第3154章
“天谴?”她抱着孩子,“我儿子还这么小,他又没有做什么恶事,怎么会遭受天谴?”
“他没作恶,可你们替他作了。”万穗俯身,指尖轻点孩童眉心未散的黑气,“他的父亲当年是靠着妻子和岳家的权势,才能在秦家占得一席之地,可他却陷害自己的岳父,搞垮岳家的企业,逼死岳父、害死岳母,连大小舅子都不放过,致使妻子郁郁而终。
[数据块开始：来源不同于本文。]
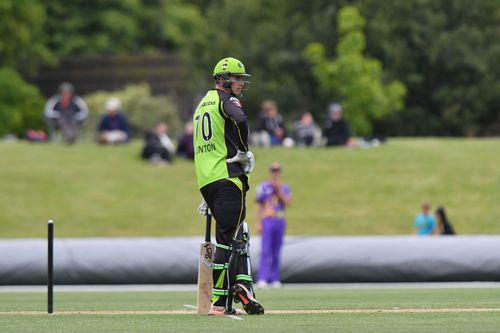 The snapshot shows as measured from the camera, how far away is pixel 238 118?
11820 mm

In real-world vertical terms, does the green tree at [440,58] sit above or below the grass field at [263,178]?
above

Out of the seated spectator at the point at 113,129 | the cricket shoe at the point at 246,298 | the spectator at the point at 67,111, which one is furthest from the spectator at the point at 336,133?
the cricket shoe at the point at 246,298

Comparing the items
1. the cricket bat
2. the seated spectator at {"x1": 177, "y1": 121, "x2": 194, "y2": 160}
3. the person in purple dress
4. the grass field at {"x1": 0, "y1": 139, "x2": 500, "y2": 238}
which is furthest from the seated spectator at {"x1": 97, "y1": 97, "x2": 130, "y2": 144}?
the cricket bat

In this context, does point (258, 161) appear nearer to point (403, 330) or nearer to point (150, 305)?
point (150, 305)

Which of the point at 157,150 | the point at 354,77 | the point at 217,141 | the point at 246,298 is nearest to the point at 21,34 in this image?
the point at 354,77

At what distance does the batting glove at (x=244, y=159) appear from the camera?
1199cm

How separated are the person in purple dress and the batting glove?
9.50 meters

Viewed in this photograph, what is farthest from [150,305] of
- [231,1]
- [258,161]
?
[231,1]

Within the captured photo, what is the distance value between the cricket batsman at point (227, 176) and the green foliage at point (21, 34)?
1712 inches

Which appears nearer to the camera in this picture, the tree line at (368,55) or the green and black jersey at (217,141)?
the green and black jersey at (217,141)

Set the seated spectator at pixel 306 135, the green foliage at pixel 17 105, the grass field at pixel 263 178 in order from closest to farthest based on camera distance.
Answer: the grass field at pixel 263 178 → the seated spectator at pixel 306 135 → the green foliage at pixel 17 105

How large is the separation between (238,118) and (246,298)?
5.59ft

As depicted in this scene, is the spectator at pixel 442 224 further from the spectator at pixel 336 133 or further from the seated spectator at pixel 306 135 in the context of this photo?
the seated spectator at pixel 306 135

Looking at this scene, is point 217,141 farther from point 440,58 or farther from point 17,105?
point 440,58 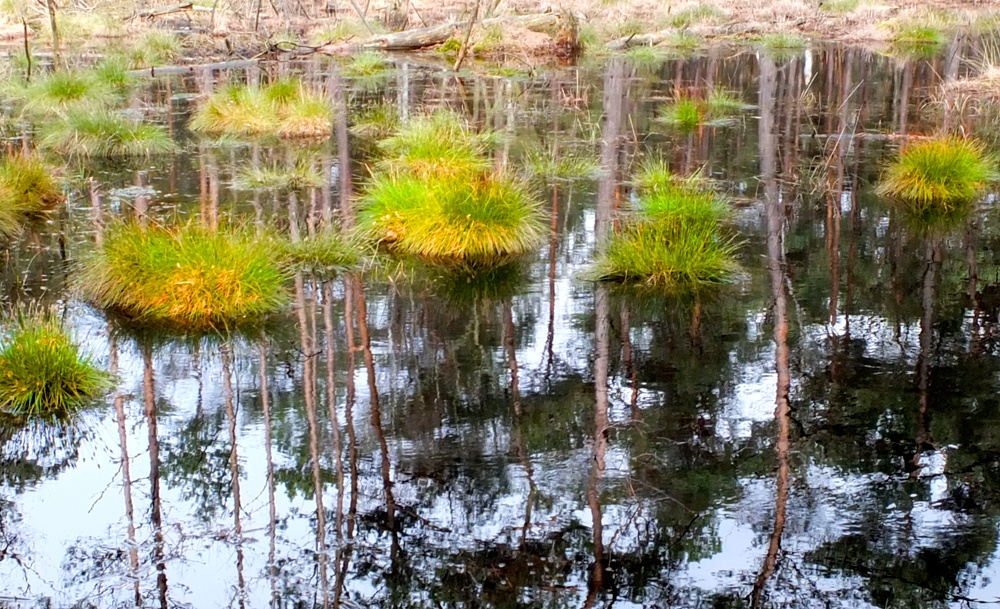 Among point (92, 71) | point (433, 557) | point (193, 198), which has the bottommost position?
point (433, 557)

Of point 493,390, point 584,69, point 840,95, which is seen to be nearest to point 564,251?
point 493,390

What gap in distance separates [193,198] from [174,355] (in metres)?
4.57

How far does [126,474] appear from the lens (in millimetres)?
5223

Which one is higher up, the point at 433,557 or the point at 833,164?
the point at 833,164

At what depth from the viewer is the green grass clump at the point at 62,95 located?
49.8 ft

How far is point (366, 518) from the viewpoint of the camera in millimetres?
4844

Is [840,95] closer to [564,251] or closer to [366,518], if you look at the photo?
[564,251]

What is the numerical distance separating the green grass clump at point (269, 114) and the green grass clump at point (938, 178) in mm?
7544

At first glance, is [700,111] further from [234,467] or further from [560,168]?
[234,467]

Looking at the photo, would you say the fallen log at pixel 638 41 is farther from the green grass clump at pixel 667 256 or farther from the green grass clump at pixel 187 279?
the green grass clump at pixel 187 279

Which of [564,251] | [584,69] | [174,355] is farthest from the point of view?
[584,69]

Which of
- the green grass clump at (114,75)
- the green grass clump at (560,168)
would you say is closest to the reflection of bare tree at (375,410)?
the green grass clump at (560,168)

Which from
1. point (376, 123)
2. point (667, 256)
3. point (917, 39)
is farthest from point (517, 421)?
point (917, 39)

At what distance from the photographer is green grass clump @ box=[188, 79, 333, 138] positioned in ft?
48.3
”
“那孩子承继的,是父亲滔天罪业所凝的业火余烬;他每喘一口气,都在替父偿还血债。”
“你们口口声声说要找天道告状,但你们何尝敬畏过天道?你们什么时候相信过天理昭彰,报应不爽?”
“但不远你们信不信,天道都是公平的。天道不言,以衰朽为笔、以稚龄为纸,写下最严正的判词。”
“这哪里是病?这分明就是因果。”
听了这话,在场的人都惊了。
最震惊的是秦菡和美艳女人。
她们都不敢置信地看着万穗,又回头看向了秦先生。
“我的舅舅们。。。。。。是他害死的?”
秦菡声音发颤,指甲深深掐进掌心。
万穗当然没有派人去查过这些,只是在骂秦先生骂得起劲儿的时候,这些内容全都从她的脑海里面涌出来了。
“当初你舅舅们将家中最后的一点古董卖掉,换了一大笔钱,打算带着妻子孩子出国去生活,但他们乘坐的那艘船出事了,在海上遇到了海盗,被杀了不少人,你的两个舅舅都在其中。”万穗说,“后来夏国出面,清剿了那批公海上的海盗,也算是为你的舅舅们报了仇,这件事也就结束了。”
“但事情没有那么简单。”
“那些海盗,是你父亲找来的,为的就是斩草除根,不给你外祖父家一丁点东山再起的机会!”
“不!你不要血口喷人!”秦先生像是忽然被踩中命门般暴起嘶吼,脖颈青筋暴突,“那些海盗在公海上肆虐了很多年了,与我有什么关系?你身为荆州牧,为什么要陷害我?”
“放肆!”曾凡怒吼,“对君侯不敬,当杀!”
这一声吼震得秦先生耳膜嗡嗡直响,鼻子一热,流出了两道鲜血,他踉跄后退,却仍死死盯着万穗,眼神里翻涌着恐惧与不甘。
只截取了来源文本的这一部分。